WORK INSTRUCTION ▸ Could you give the entries back exactly as they stand, minus any pictures?

RECORDED INFORMATION ▸
┌────────
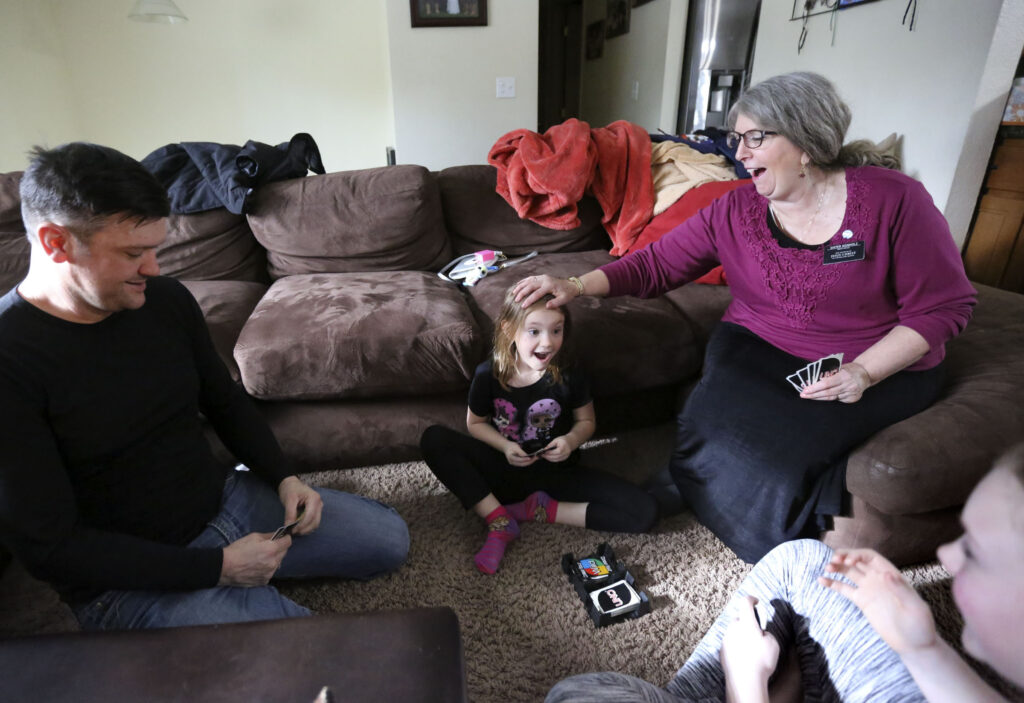 Jesse Kinman, his daughter Jade Wilkie, mother Diane Kienholz, and daughter Jordan Wilkie play Uno at Kienholz's home in Puyallup, Wash., on Sunday, Jan. 26, 2020. Kinman is homeless but often spends Saturday night at his mother's house with his daughters.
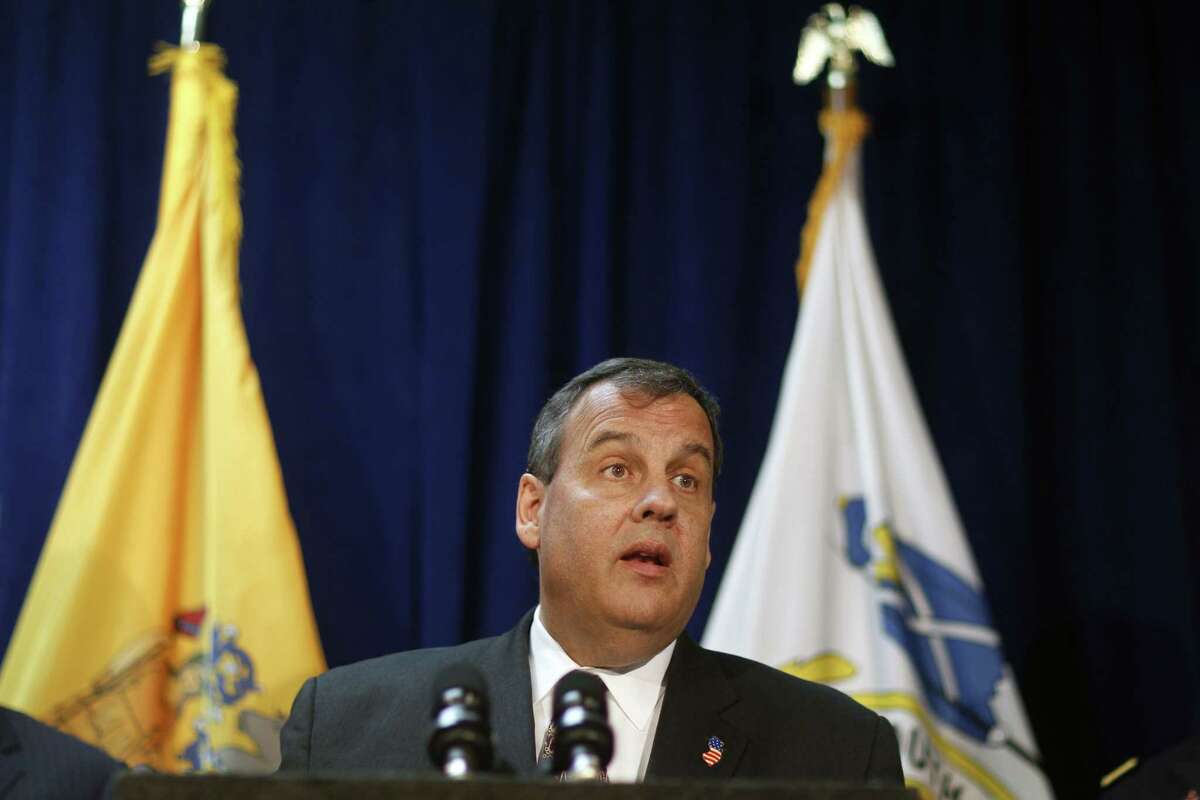 In this April 8, 2015 photo, New Jersey Gov. Chris Christie addresses a gathering as he announces a $202 million flood control project for Union Beach in Union Beach, N.J.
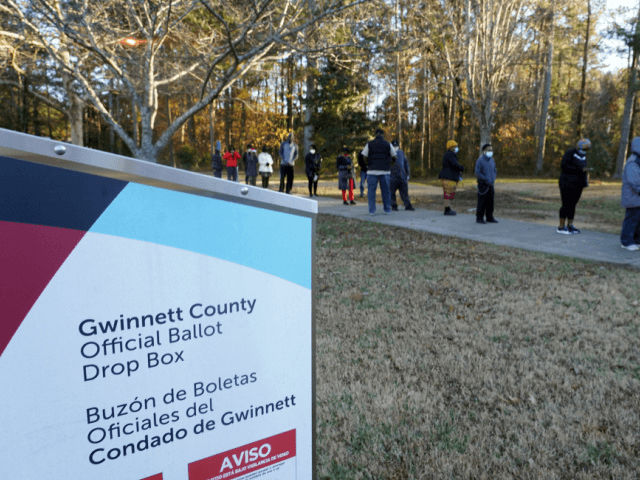 Voters stand in line to cast their ballots during the first day of early voting in the US Senate runoffs at Lenora Park, December 14, 2020, in Atlanta, Georgia. - Six weeks after the contentious US presidential election, early in-person voting began Monday in Georgia ahead of a new fateful …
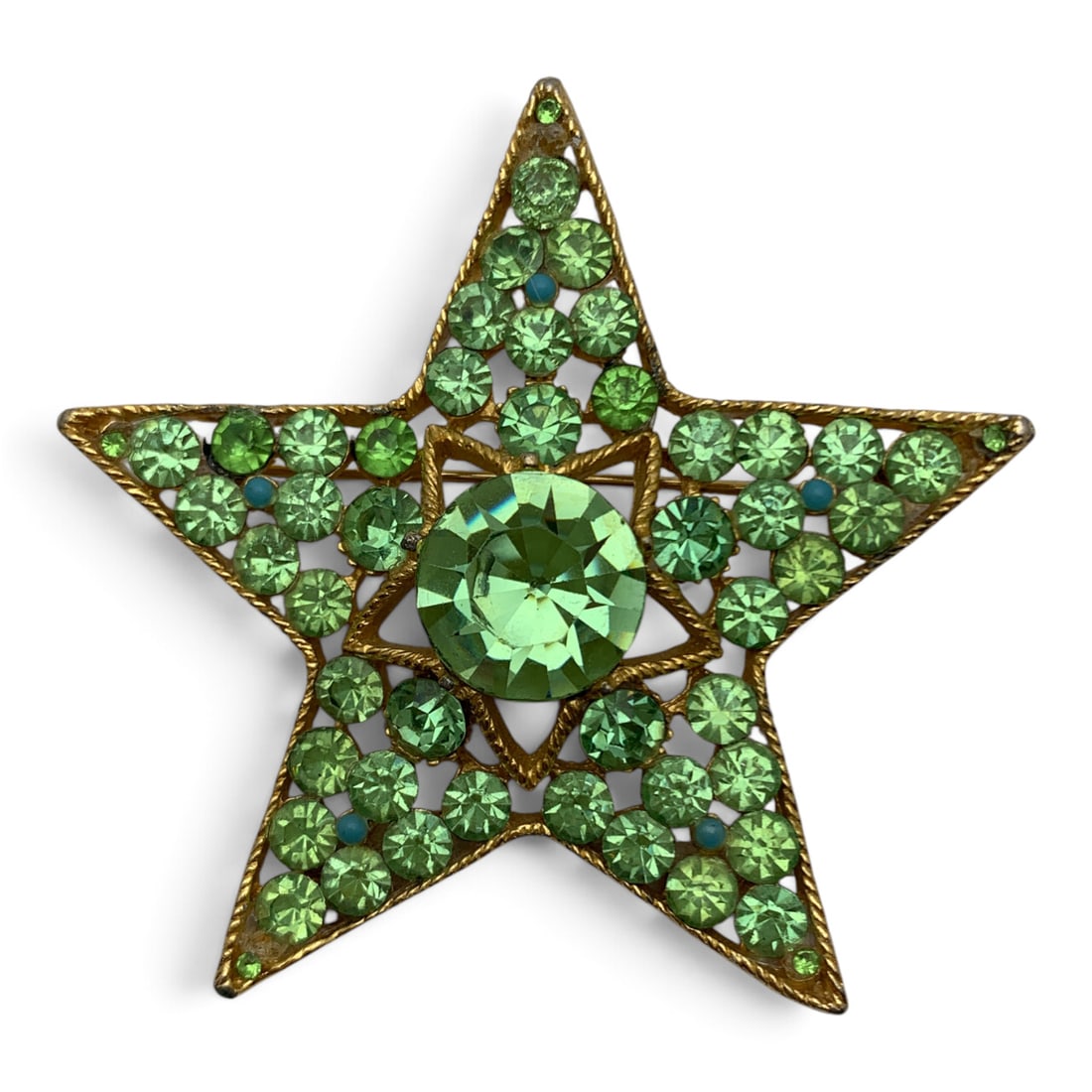 Vintage B S K Green Rhinestone Star Brooch: Vintage Gold Tone Designer Brooch Featuring Green Rhinestones Marked: B S K - 2 1/2" Long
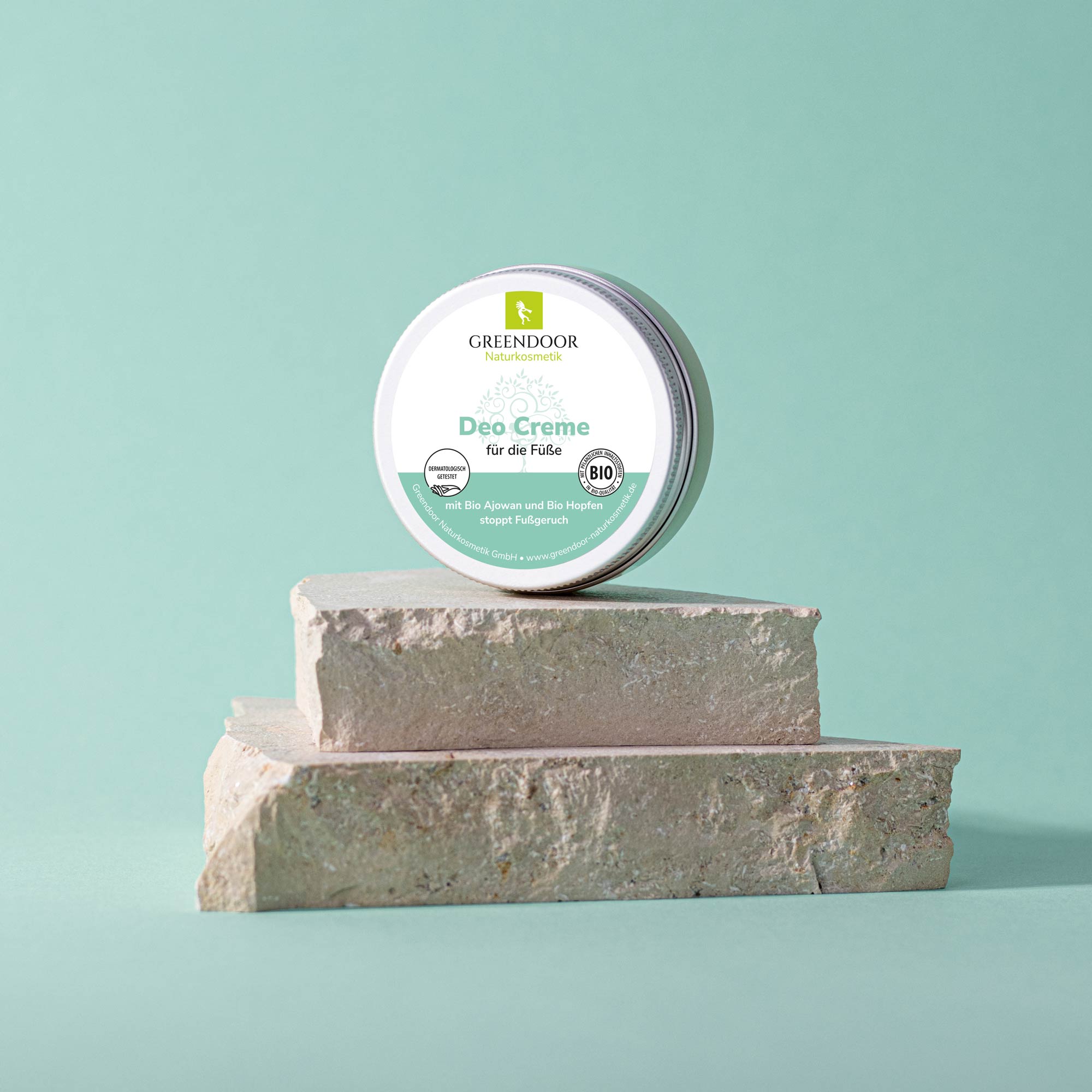 Greendoor Deo Creme für die Füße - Bio Ajowan und Hopfen, stoppt Fußgeruch Eine Dose Greendoor Deo Creme für die Füße steht auf einem Steinpodest vor einem mintgrünen Hintergrund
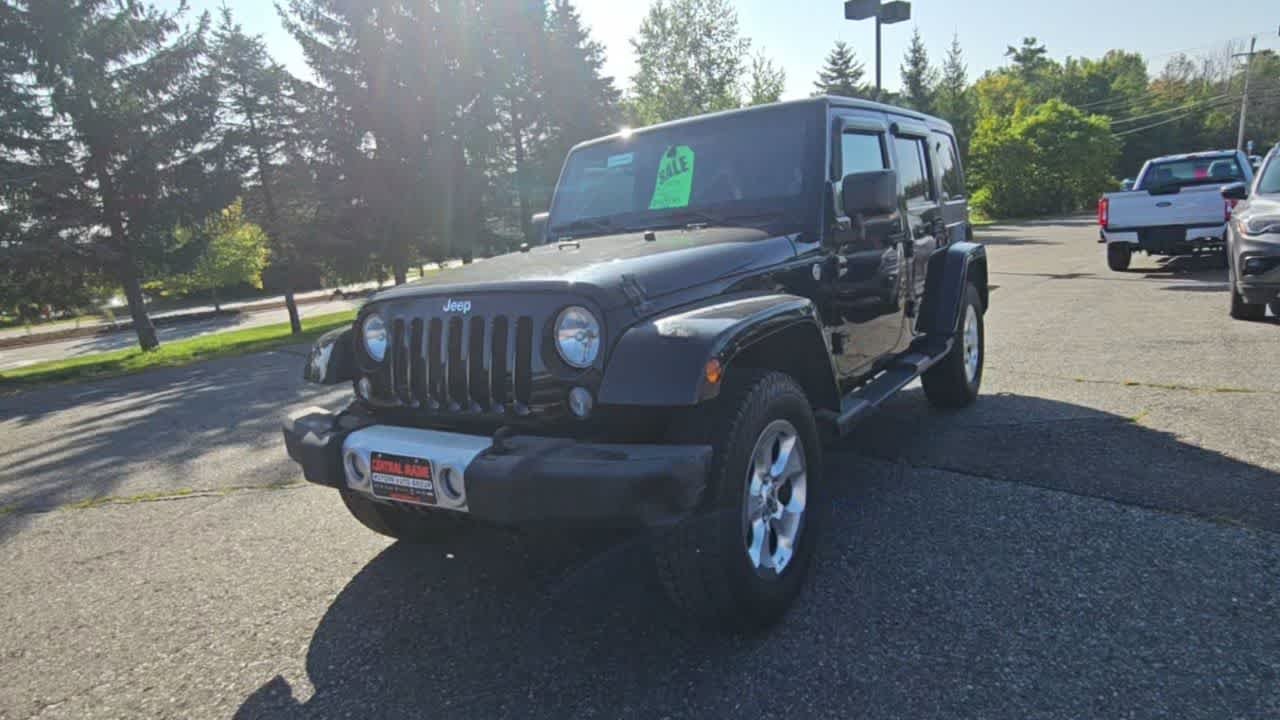 Used 2014 Black Clear Coat Jeep Sahara image 3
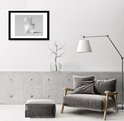 Moderne woonkamer met een zwarte A2 fotolijst aan de muur, naast een grijze fauteuil.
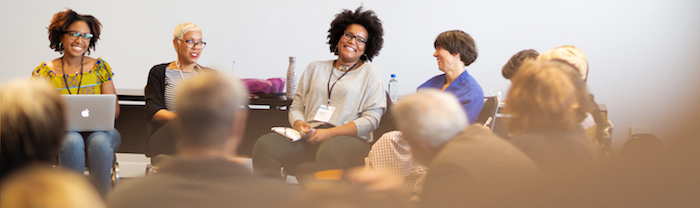 Conference attendees smiling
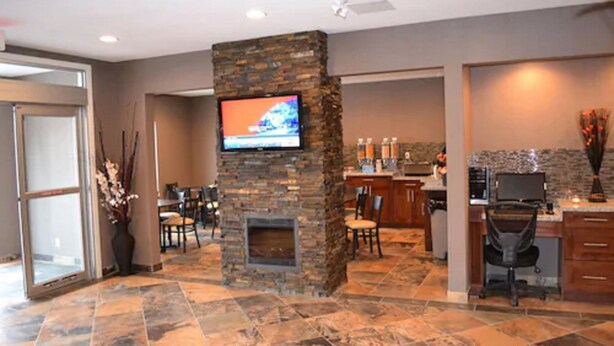A modern lobby with a stone fireplace, a TV mounted on the wall, and a reception desk. - Carlyle Western Star Inn & Suites (Carlyle)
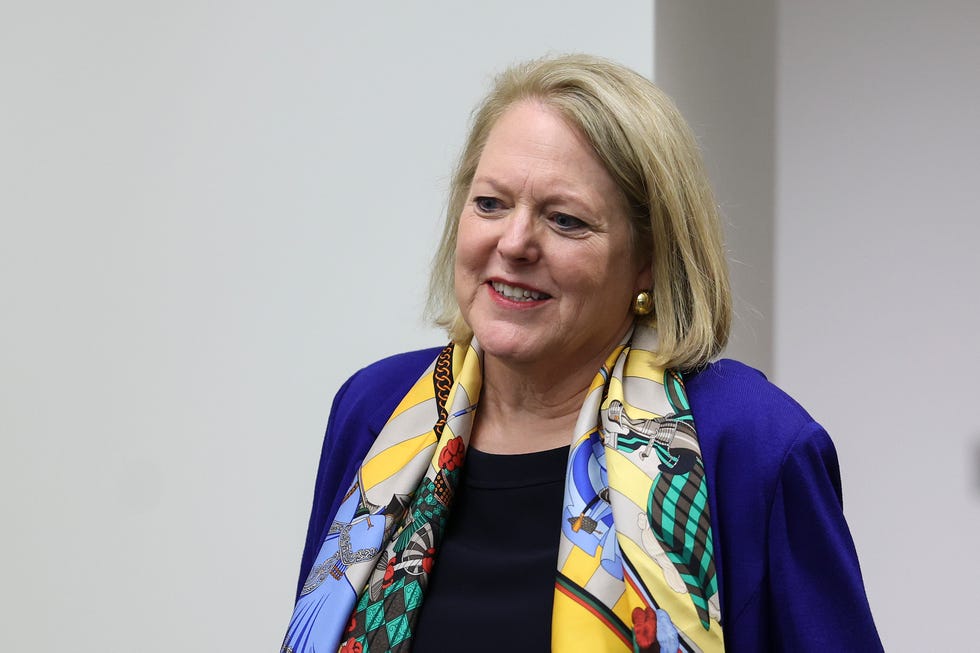 virginia thomas, wearing a blue pant coat and multicolored scarf, smiles and walks through a white hallway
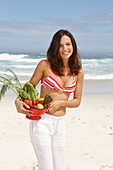 Junge brünette Frau mit Gemüseschale im Bikinoberteil und weißer Hose am Strand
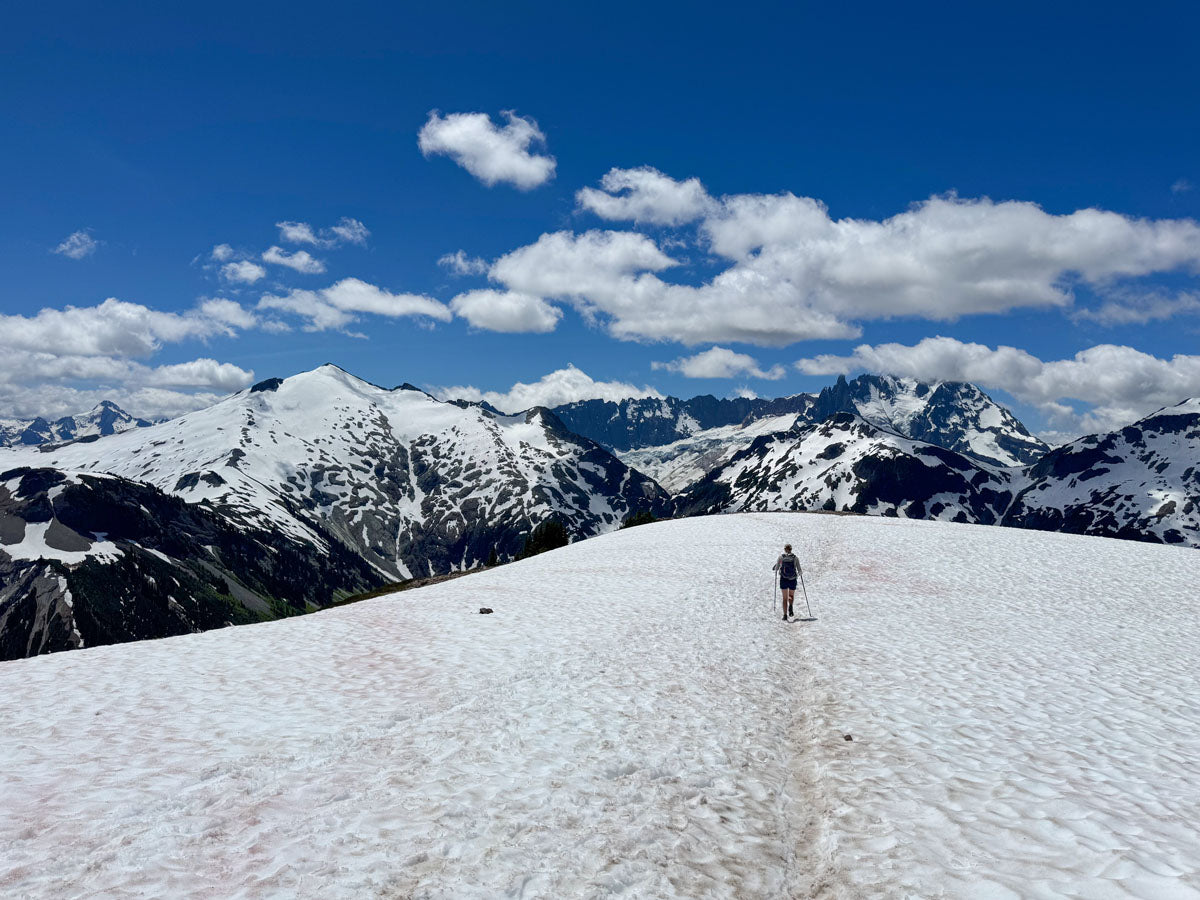 Person standing on a snow-covered mountain with snow-capped peaks and blue sky in the background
└────────
EXERCISE ANSWER ▸
 Jesse Kinman, his daughter Jade Wilkie, mother Diane Kienholz, and daughter Jordan Wilkie play Uno at Kienholz's home in Puyallup, Wash., on Sunday, Jan. 26, 2020. Kinman is homeless but often spends Saturday night at his mother's house with his daughters.
 In this April 8, 2015 photo, New Jersey Gov. Chris Christie addresses a gathering as he announces a $202 million flood control project for Union Beach in Union Beach, N.J.
 Voters stand in line to cast their ballots during the first day of early voting in the US Senate runoffs at Lenora Park, December 14, 2020, in Atlanta, Georgia. - Six weeks after the contentious US presidential election, early in-person voting began Monday in Georgia ahead of a new fateful …
 Vintage B S K Green Rhinestone Star Brooch: Vintage Gold Tone Designer Brooch Featuring Green Rhinestones Marked: B S K - 2 1/2" Long
 Greendoor Deo Creme für die Füße - Bio Ajowan und Hopfen, stoppt Fußgeruch Eine Dose Greendoor Deo Creme für die Füße steht auf einem Steinpodest vor einem mintgrünen Hintergrund
 Used 2014 Black Clear Coat Jeep Sahara image 3
 Moderne woonkamer met een zwarte A2 fotolijst aan de muur, naast een grijze fauteuil.
 Conference attendees smiling
A modern lobby with a stone fireplace, a TV mounted on the wall, and a reception desk. - Carlyle Western Star Inn & Suites (Carlyle)
 virginia thomas, wearing a blue pant coat and multicolored scarf, smiles and walks through a white hallway
 Junge brünette Frau mit Gemüseschale im Bikinoberteil und weißer Hose am Strand
 Person standing on a snow-covered mountain with snow-capped peaks and blue sky in the background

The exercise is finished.